Jesus turned and said to Peter, “Get behind me, Satan! You are a stumbling block to me; you do not have in mind the concerns of God, but merely human concerns.” (Matt. 16:21-23 NIV)
Peter was well-intentioned with Jesus. Who wouldn’t want to dissuade your best Friend from pursuing such a horrible end? But Peter missed the part about Jesus being raised to life, and the fear of His death opened up a door for Satan to enter and insinuate that Jesus did not need to go to the cross to fulfill His mission. But Jesus had clearly stated, "For even the Son of Man did not come to be served, but to serve, and to give his life as a ransom for many." (Mark 10:45)

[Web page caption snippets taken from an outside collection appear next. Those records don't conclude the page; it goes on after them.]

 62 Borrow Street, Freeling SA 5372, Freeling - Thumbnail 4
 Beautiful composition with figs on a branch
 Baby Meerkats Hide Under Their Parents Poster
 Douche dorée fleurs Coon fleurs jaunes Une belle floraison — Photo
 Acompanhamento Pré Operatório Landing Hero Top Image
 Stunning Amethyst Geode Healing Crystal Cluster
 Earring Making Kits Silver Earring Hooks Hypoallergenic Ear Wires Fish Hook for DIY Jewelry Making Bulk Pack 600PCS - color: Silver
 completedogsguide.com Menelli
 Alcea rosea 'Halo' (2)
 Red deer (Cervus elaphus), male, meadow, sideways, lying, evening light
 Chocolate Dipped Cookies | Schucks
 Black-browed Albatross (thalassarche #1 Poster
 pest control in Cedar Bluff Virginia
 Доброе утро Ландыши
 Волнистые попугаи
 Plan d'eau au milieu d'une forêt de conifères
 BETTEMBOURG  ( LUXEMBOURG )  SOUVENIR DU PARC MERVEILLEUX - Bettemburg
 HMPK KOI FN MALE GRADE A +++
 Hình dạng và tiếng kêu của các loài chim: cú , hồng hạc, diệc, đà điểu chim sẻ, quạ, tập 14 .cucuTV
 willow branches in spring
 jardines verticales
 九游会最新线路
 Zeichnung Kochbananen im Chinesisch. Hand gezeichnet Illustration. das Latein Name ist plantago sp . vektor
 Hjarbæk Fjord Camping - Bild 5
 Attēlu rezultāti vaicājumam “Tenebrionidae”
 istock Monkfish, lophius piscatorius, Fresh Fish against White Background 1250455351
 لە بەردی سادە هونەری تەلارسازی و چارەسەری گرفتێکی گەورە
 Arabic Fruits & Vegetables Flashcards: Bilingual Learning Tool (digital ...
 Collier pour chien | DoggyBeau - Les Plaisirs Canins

Let’s examine another follower whom Satan used:
Now the Festival of Unleavened Bread, called the Passover, was approaching, and the chief priests and the teachers of the law were looking for some way to get rid of Jesus, for they were afraid of the people. Then Satan entered Judas, called Iscariot, one of the Twelve. And Judas went to the chief priests and the officers of the temple guard and discussed with them how he might betray Jesus. They were delighted and agreed to give him money. He consented, and watched for an opportunity to hand Jesus over to them when no crowd was present. (Luke 22:1-6 NIV)
There’s that word “opportunity” again. This time, Satan did not use fear but doubt in the heart of Judas to get what he wanted: Jesus arrested and killed. Judas has begun to doubt Jesus’ mission. Jesus had not used His mighty power to destroy the Roman oppression of Israel; all Judas saw was Jesus using His power to raise the dead, heal the sick and drive out demons.
Judas may have thought to himself: Fine use of your power there Jesus, but what about using it against those Romans? They are the greater evil! Use Your mighty power to conquer them! The crowds are always clamoring for your attention. You need to turn your attention to the Romans and their abuses. I would love to see you wipe their arrogant smiles right off their faces once and for all.
Satan entered Judas, perhaps deceiving Judas into thinking that he could force Jesus’ hand. Judas may have reasoned that when He was finally handed over to the Romans, Jesus would demonstrate all of His power to benefit the oppressed Jewish people. Jesus would free Himself from His captors and then free His fellow Jews. This, as we know, did not happen. Jesus’ mission was to impart a new heart, not a new government. Judas’ remorse over what he did drove him to suicide. His guilt and shame were just too much when he found out Jesus was not going to deliver the Jews from the Romans, but had delivered Himself to be crucified. Satan laughed many times in those final days, as Judas was swinging in the trees and Jesus bled on that cross.
On that Sunday morning, however, the laughter stopped.
Satan can use friends, family, disgruntled strangers and anyone to go after you. Most of the time, the person doesn’t even know he or she is being used by Satan to get to you. But your reaction should be the same: Pray for wisdom as to where those hurtful words or actions are coming from. Remember Satan’s endgame: to destroy you and anyone he can along the way. He will use any means necessary. Reclaim your heritage as a child of God and move forward. Then, PRAY:
Prayer softens your heart, opens you up to God’s healing and consoling presence, and allows you to have compassion on those who have hurt you. Besides, Satan hates it when we show mercy and see others as ourselves.
We all need prayer, a Savior and infinite patience with one another.
We will continue looking in Matthew as to how Jesus dealt with the enemy in upcoming blogs. May His Word comfort, guide and direct you!